Magazine Asie
Derrière la baie vitrée, un cimetière de pétales blanc et rosée est apparu en une nuit. Les dépouilles gisent par dizaine sur les lattes encore mouillées du bois grisé de la terrasse. Au soleil du matin, tout brille. En contrebas, dans l’impasse, les détritus repoussés par les bourrasques de la nuit s’amoncellent. Les pavés, blasés, ont l’habitude. À chaque coup de vent, c’est la même ritournelle. Les saletés du monde s’entassent ici, sans personne pour oser les ramasser. Je me houspille intérieurement, culpabilise, et pourtant, je n’ai jamais le courage de descendre avec un sac pour collecter. La consolation cependant vient des flaques d’eau sur les pavés. Plus loin, dans la rue où les voitures reprennent le pouvoir, l’orage aura lavé l’odeur d’urine rance. Dans les caniveaux, masques en papier et gants en plastique prennent le relais des mégots, espèce en voie d’extinction depuis plus de cinquante jours.

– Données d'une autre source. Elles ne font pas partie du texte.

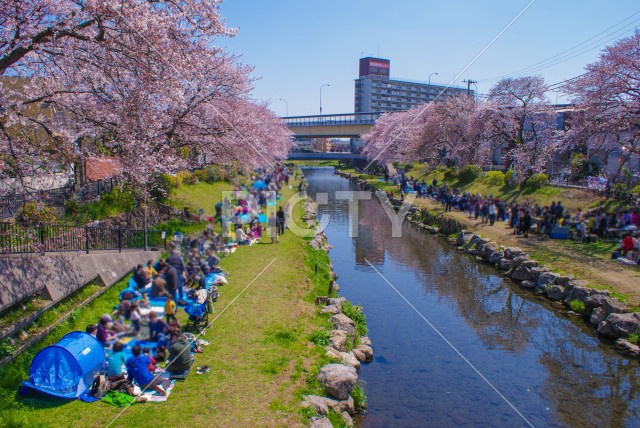 春の野川（東京都調布市）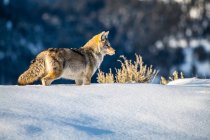 Coyote (latrans de Canis) que está na neve profunda no parque nacional de Yellowstone; Wyoming, Estados Unidos da América — Fotografia de Stock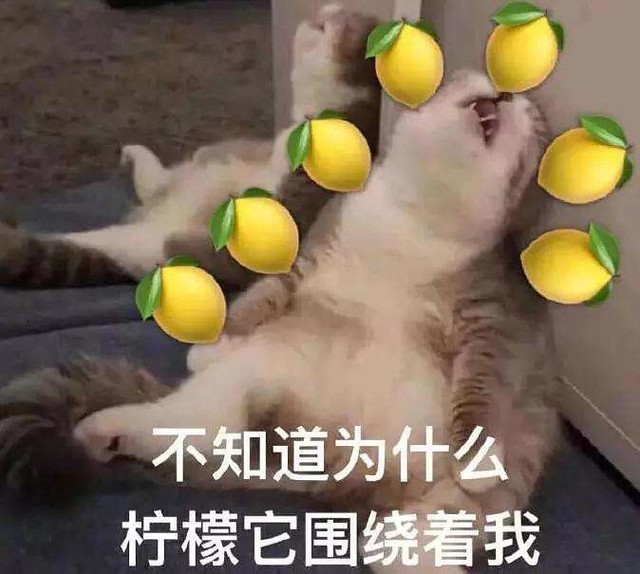ڴű ȥһ̵ 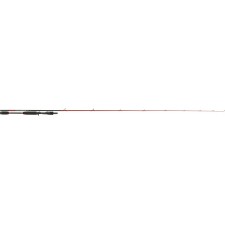 canne-tenryu-injection-bc-73-m.jpg canne-tenryu-injection-bc-73-m.jpg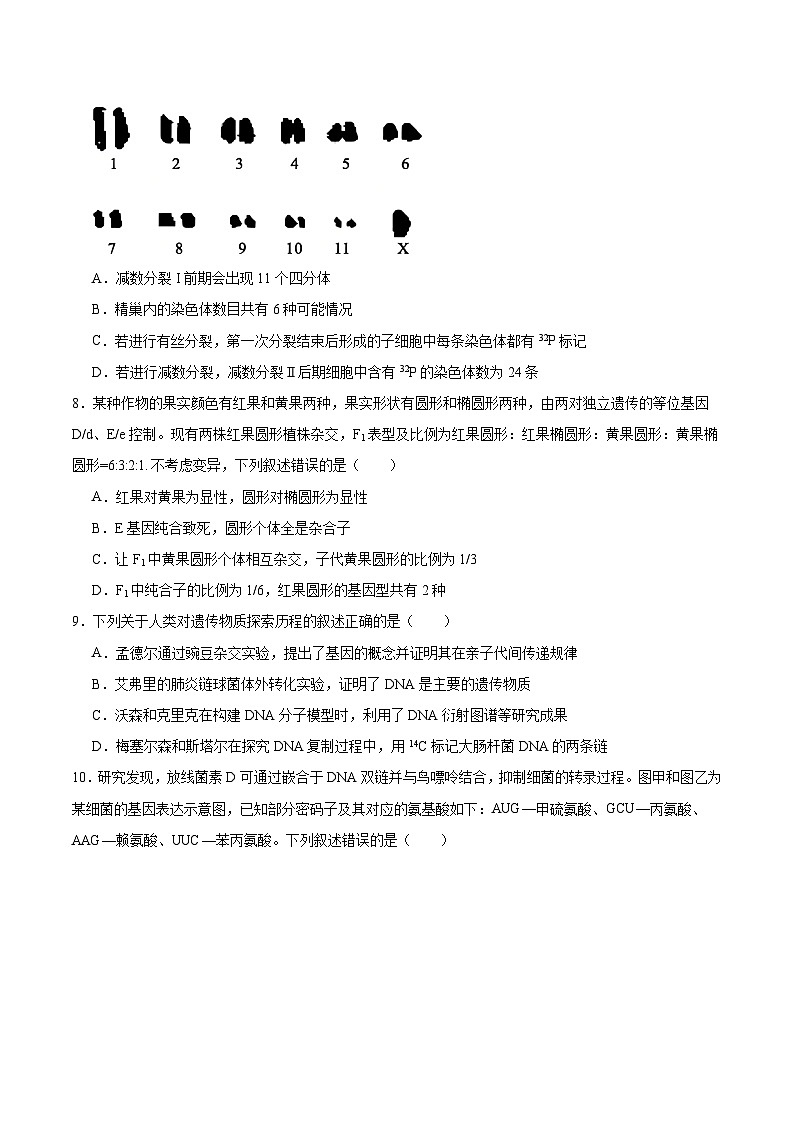 安徽省部分重点高中2025-2026学年高二上学期12月联考试卷 生物(含答案）第3页
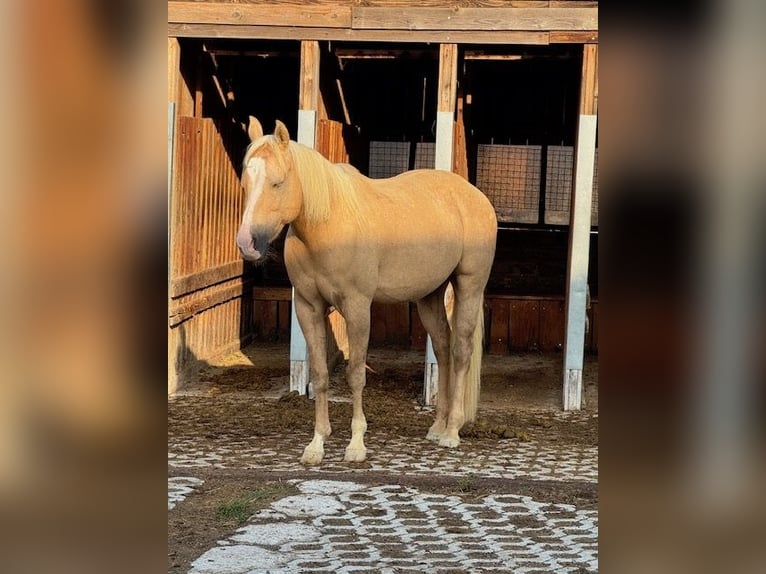 Quarter Pony Merrie 16 Jaar 143 cm Palomino in Wien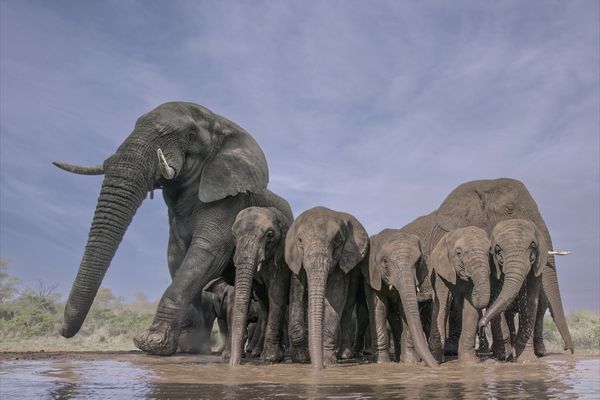 Elephant Trunk Parade at sunset thumbnail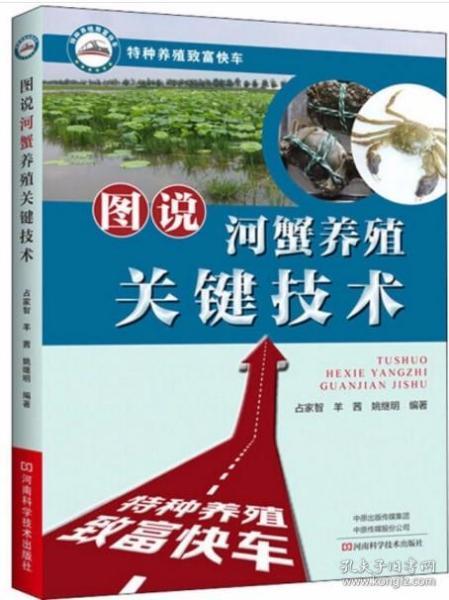 图说视频,探秘视觉奇观，捕捉瞬间之美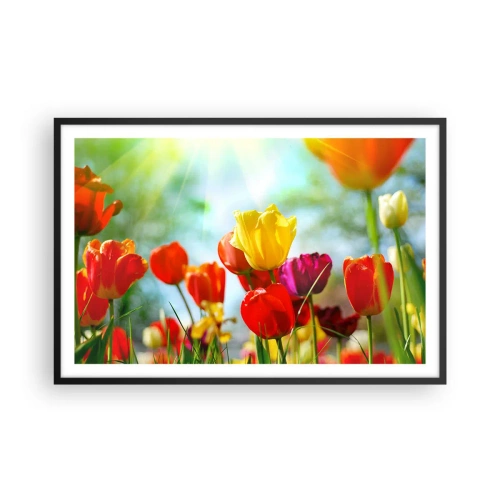 Poster in einem schwarzem Rahmen - Alle Farben der Sonne - 91x61 cm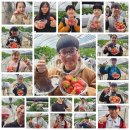 천인농장 이미지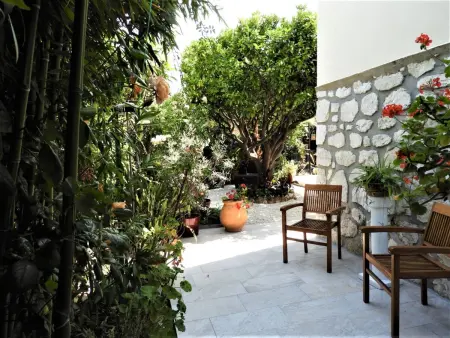Wohnung  Les roses  auf einem eingemauerten Grundstück - Photo 5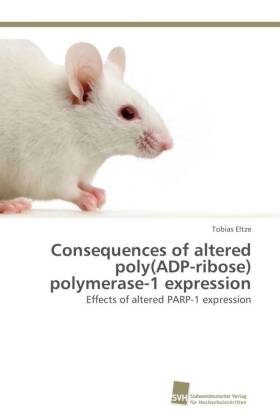 Consequences of altered poly(ADP-ribose) polymerase-1 expression 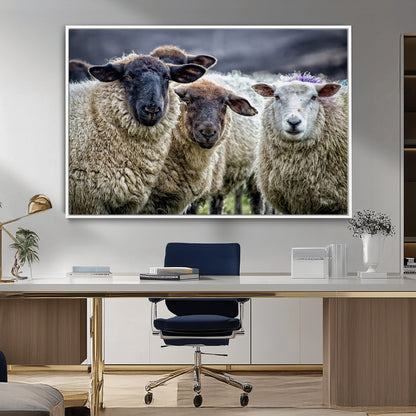 18418-MGV-FC-36X24_White-Sheep Wall Art Canvas Print, Framed Farmhouse Sheep Art Picture Print, Sheep Herd Perfect Rustic Farmhouse Decor Artwork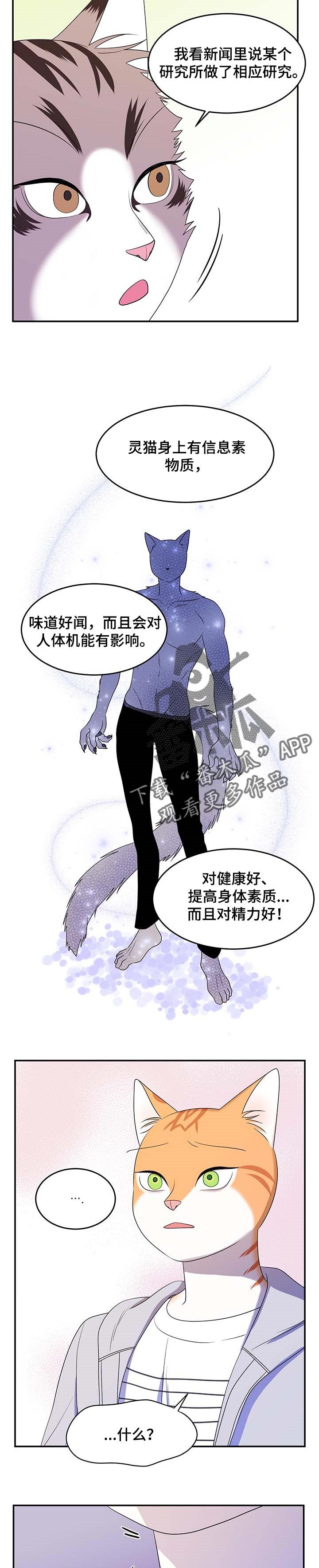 第18章：信息素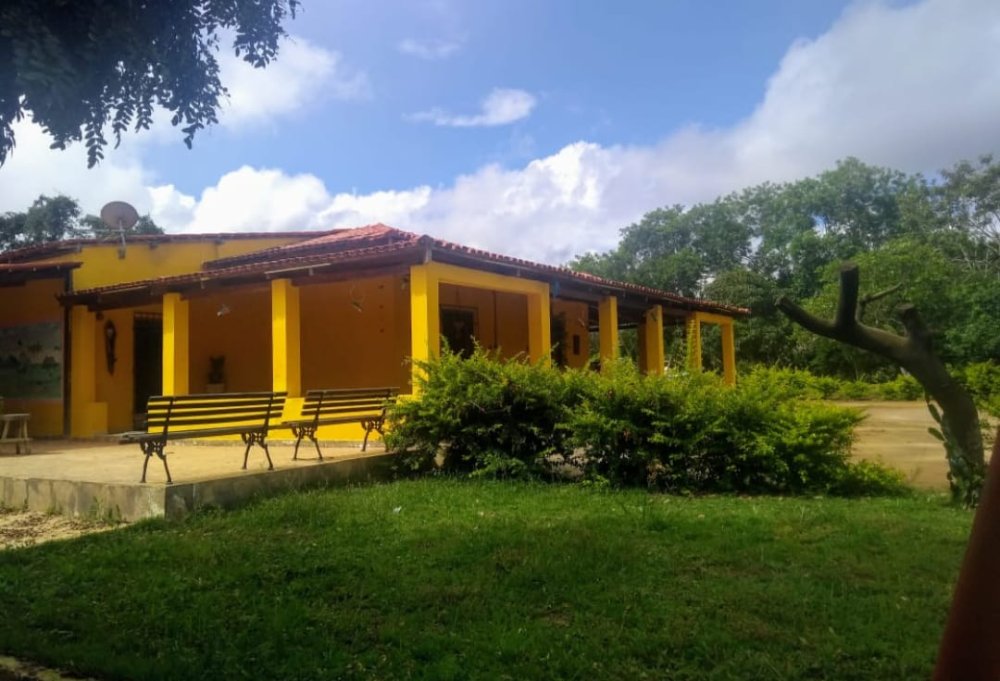 Sítio - Venda - Lagoa das Flores - Vitória da Conquista - BA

En attentant que leurs voisins humains ne s’agglutinent au comptoir pour le même rituel, les oiseaux viennent boire leur coup à l’eau débordante des coupelles des jardinières. Pauvres ignorants, bientôt, la ville ne sera plus à vous. Vos concerts journaliers s’éteindront, étouffés dans les klaxons et les pétarade des scooters. Les autres habitants des parcs perdront leur quiétude et l’amour sera, comme à chaque printemps, furtif et risqué. Les nuisibles, comme on les qualifie, retourneront à la nuit et aux interstices.
Après l’orage, le mois de mai jolie s’autorise une grande inspiration.
L’air soudain frais s’alourdit à mesure que le silence s’évapore. De la buée sur mes lentilles de contact et une démangeaison derrière mes oreilles. Je songe aux forêts. Aux déserts. À la liberté de la plume.
J’entame un nouveau cahier, un nouveau projet.